Enfim, diante de tanto prazer musical, restam apenas algumas tristes constatações.
Uma: impressionante a quantidade de chatos que aparecem em shows e espetáculos hoje em dia! Gente incapaz de calar a boca e deixar os vizinhos em paz (mas também que ideia antiquada! Onde já se viu: querer prestar atenção na música num show de... Música!).
Mas aí está a principal fonte de desânimo: será que ainda se tem a simples noção - principalmente a rapaziada mais jovem - de que se pode elevar a música (ou qualquer forma de arte) a tal ponto de tornar a sua simples fruição uma experiência realmente importante? Não somente inesquecível, mas também transformadora das próprias percepções e concepções?

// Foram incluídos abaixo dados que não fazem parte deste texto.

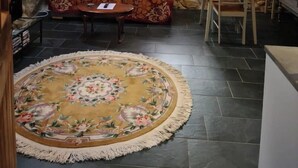 Ein gemütliches Zimmer mit Steinwand, Holzbalkendecke, einer Couch, einem Esstisch und einem Teppich.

Sei que vou soar velho e elitista - e que certamente vai aparecer alguém ainda mais chato do que eu para ridicularizar meu gosto e meus objetos de prazer estético. Sem falar dos cínicos que vão reduzir tudo à dimensão mais rastaquera das imposições do show business e da onda de revivals que impera. Tudo bem
Mas não seria trágico se de repente – ou pior: paulatinamente – certas experiências privilegiadas de fruição estética e formação do gosto simplesmente desaparecessem?
Por isso mesmo agradeço a Steve Hackett e a todas as circunstâncias que o levaram a me dar essa oportunidade única de lembrar como a música que ajudou a me formar na juventude – e toda arte feita com paixão, esforço e talento – pode ser tão rica e imprescindível.